=== YOUR INSTRUCTIONS ===
For the records below, print the lines from the line with "stairway featuring hardwood" through the line with "Фото тату с" exactly as written; include both end lines and exclude the rest.

-------

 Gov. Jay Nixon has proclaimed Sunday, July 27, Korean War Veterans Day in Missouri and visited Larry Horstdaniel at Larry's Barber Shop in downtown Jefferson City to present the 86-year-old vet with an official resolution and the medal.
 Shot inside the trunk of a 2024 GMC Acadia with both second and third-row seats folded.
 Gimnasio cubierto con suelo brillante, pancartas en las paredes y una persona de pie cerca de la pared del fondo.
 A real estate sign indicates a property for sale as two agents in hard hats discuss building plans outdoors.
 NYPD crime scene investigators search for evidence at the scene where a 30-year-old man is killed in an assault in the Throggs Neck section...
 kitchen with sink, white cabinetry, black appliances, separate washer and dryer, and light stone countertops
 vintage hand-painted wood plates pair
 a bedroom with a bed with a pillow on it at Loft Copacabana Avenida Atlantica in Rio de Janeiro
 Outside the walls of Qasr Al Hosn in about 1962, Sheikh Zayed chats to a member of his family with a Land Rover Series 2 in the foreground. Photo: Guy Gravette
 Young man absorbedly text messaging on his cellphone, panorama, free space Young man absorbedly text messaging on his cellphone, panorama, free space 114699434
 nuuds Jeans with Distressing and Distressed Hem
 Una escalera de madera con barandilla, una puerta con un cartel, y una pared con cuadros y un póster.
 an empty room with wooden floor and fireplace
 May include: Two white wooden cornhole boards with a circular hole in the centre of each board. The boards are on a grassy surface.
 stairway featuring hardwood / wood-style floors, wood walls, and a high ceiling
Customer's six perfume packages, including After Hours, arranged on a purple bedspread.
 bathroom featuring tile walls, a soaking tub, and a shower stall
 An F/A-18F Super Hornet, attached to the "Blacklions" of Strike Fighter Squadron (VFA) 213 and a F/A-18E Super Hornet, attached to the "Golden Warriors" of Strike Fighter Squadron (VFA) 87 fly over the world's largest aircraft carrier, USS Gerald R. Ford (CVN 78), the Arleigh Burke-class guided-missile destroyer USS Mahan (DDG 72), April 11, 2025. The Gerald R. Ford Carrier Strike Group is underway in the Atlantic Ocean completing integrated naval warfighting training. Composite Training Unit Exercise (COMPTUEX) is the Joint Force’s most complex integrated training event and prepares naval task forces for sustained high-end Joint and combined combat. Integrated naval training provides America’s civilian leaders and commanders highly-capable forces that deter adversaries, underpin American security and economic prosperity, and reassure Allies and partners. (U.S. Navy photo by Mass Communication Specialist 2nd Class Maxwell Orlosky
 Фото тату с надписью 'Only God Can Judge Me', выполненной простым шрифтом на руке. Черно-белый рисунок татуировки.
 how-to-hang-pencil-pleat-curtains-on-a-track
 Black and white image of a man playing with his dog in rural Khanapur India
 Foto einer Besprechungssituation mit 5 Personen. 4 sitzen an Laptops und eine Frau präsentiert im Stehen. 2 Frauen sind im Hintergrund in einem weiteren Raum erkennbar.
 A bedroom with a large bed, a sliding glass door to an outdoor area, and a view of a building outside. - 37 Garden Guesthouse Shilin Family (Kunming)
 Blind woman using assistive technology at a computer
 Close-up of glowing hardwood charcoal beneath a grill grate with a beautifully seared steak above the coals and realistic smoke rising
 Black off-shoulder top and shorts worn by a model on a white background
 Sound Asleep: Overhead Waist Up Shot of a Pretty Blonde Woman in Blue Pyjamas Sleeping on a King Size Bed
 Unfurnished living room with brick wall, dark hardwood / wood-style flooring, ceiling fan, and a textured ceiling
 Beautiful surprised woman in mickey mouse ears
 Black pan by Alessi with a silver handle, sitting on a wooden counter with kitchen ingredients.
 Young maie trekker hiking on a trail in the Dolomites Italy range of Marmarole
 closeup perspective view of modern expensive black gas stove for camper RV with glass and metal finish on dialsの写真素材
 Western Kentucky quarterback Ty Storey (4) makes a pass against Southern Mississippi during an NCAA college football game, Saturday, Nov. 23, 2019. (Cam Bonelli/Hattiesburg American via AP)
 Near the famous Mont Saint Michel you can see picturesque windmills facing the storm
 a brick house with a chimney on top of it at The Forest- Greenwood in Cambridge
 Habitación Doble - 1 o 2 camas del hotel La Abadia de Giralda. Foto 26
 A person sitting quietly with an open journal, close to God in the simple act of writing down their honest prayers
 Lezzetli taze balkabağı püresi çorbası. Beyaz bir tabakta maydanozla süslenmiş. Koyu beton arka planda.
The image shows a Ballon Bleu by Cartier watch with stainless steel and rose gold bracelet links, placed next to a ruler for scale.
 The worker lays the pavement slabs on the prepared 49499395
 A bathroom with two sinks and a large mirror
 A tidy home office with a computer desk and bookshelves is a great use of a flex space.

-------

=== SOLUTION FOR THIS EXERCISE ===
 stairway featuring hardwood / wood-style floors, wood walls, and a high ceiling
Customer's six perfume packages, including After Hours, arranged on a purple bedspread.
 bathroom featuring tile walls, a soaking tub, and a shower stall
 An F/A-18F Super Hornet, attached to the "Blacklions" of Strike Fighter Squadron (VFA) 213 and a F/A-18E Super Hornet, attached to the "Golden Warriors" of Strike Fighter Squadron (VFA) 87 fly over the world's largest aircraft carrier, USS Gerald R. Ford (CVN 78), the Arleigh Burke-class guided-missile destroyer USS Mahan (DDG 72), April 11, 2025. The Gerald R. Ford Carrier Strike Group is underway in the Atlantic Ocean completing integrated naval warfighting training. Composite Training Unit Exercise (COMPTUEX) is the Joint Force’s most complex integrated training event and prepares naval task forces for sustained high-end Joint and combined combat. Integrated naval training provides America’s civilian leaders and commanders highly-capable forces that deter adversaries, underpin American security and economic prosperity, and reassure Allies and partners. (U.S. Navy photo by Mass Communication Specialist 2nd Class Maxwell Orlosky
 Фото тату с надписью 'Only God Can Judge Me', выполненной простым шрифтом на руке. Черно-белый рисунок татуировки.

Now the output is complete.